Decision Date22 December 1893
Citation57 N.W. 117,98 Mich. 228
CourtMichigan Supreme Court
PartiesBLEIL v. DETROIT ST. RY. CO.

Error to circuit court, Wayne county; George S. Hosmer, Judge.

Action by John C. Bleil against the Detroit Street-Railway Company. Judgment for plaintiff. Defendant appeals. Reversed.

Sidney T. Miller, (John C. Donnelly, of counsel,) for appellant.
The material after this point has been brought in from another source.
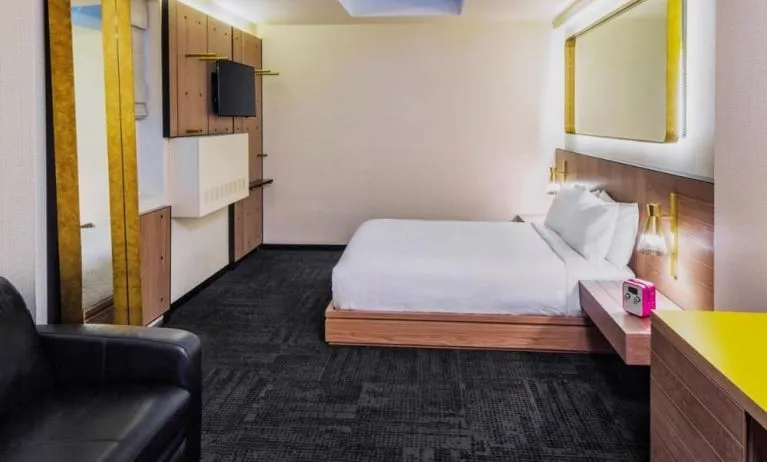 King room with workspace, lounge seating and private bathroom at Hotel Shocard NYC.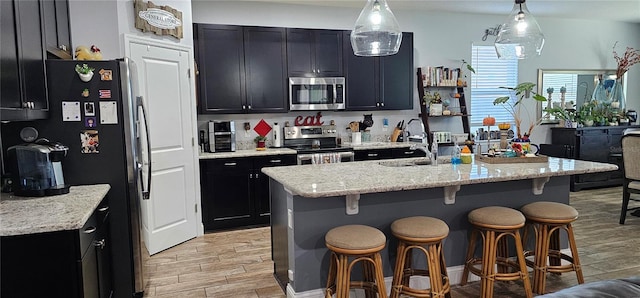 kitchen with light stone counters, light hardwood / wood-style flooring, pendant lighting, a center island with sink, and appliances with stainless steel finishes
John G. Hawley, for appellee.

GRANT, J., (after stating the facts.)

We think the circuit court was in error. The proximate cause of the injury was the frightening and running away of the horse. Whether the defendant was guilty of negligence we need not determine. Ample room was left in the street for the passage of vehicles in the ordinary manner while under the control of their drivers. This is not a case where a horse merely shies or starts, and for the moment is not under control, which was the case in Langworthy v. Township of Green, (Mich.) 54 N.W. 697. The accident was not the natural and probable result of piling the rails in the street close to the curb, but of the fright of the horse. The proximate, and not the remote, cause controls in such cases in this state. Beall v. Township of Athens, 81 Mich. 530, 45 N.W. 1014; St. Clair Mineral Springs Co. v. City of St. Clair, (Mich.) 56 N.W. 18. This is also the rule in other states. Moss v. City of Burlington, 60 Iowa, 438, 15 N.W. 267; Worrilow v. Upper Chichester Tp., 149 Pa. St. 40, 24 A. 85; Kieffer v. Borough of Hummelstown, (Pa. Sup.) 24 A. 1060; Perkins v. Fayette, 68 Me. 152; Fogg v. Nahant, 106 Mass. 278. See, also, Houfe v. Fulton, 29 Wis. 296, where the principle is discussed. Judgment reversed, and no new trial ordered. The other justices concurred.